Ben Davis, a leader of the Communist Party, was elected to the city council for the first time in 1943 and reelected two years later. A graduate of Harvard Law School, Davis had joined the Communist Party while defending a black Communist facing the death penalty under Georgia’s insurrection law. Describing how the case radicalized him, he later said, “I felt if there was anything I could do to fight against this thing, to strike a blow against this lynch system, I would do it.”
On the city council, Davis, only that body’s second black member after Adam Clayton Powell Jr, specialized in policies combatting racial injustice; he fought housing segregation, police brutality, poor fire protection in Harlem, and racial discrimination in Major League Baseball. Davis was one of eleven party leaders convicted in 1949 under the Smith Act of conspiring to advocate the overthrow of the US government. During his trial, the council met at night so that Davis could continue to attend.

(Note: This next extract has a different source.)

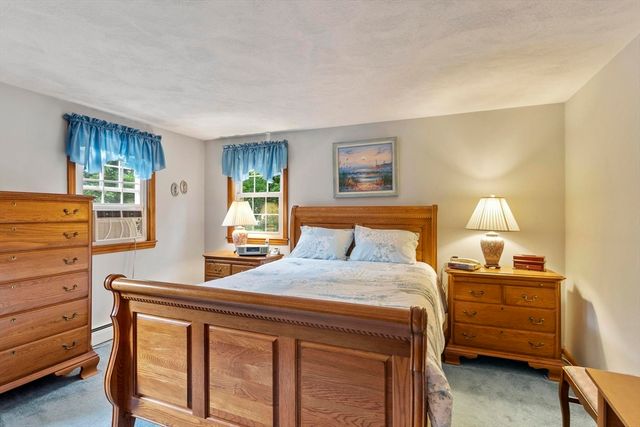 7 Susan Dr, North Reading, MA 01864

After his conviction, however, the city council expelled Davis by unanimous vote, in an eerie echo of the expulsion of the socialists from Albany in 1920. In any case, proportional representation was no more, the establishment had quickly selected and rallied around a more moderate black politician, and Davis lost his election that year. Davis served more than three years in federal prison, and when he died in 1964, he was under indictment again, this time under the McCarran Act.
These radicals of the past enjoyed more institutional power and reformist successes than many Americans realize. That’s why they — especially the Communists — faced persecution. The ruling class did everything it could, from prison, to repealing proportional representation, to red-baiting, to the smooth deployment of identity politics to drive them from office and defeat them. Today’s socialists could face a similar backlash from the ruling class. In fact, we already do. They haven’t yet refused to seat us, nor have they thrown us in prison. But the ruling class has already been using some of the other tactics they used against the Communists: backing a black moderate, as the establishment did to defeat Ben Davis, was exactly the ruling class’s tactic of choice in its recent campaign to defeat Michael Hollingsworth, a DSA-backed housing activist who ran for city council in Brooklyn.
There’s reason to think that red scares and red-baiting don’t work as well now as they did last century. And socialist ideas may be even more popular today than they were then; after all, we’ve been able to win office without good-government electoral reforms like proportional representation. But history shows that even when we engage in work that doesn’t sound particularly radical — what could sound less incendiary and more civic minded than city council, with its long meetings about garbage pickup or discretionary funding for basketball courts? — we must be ready to fight the ruling class.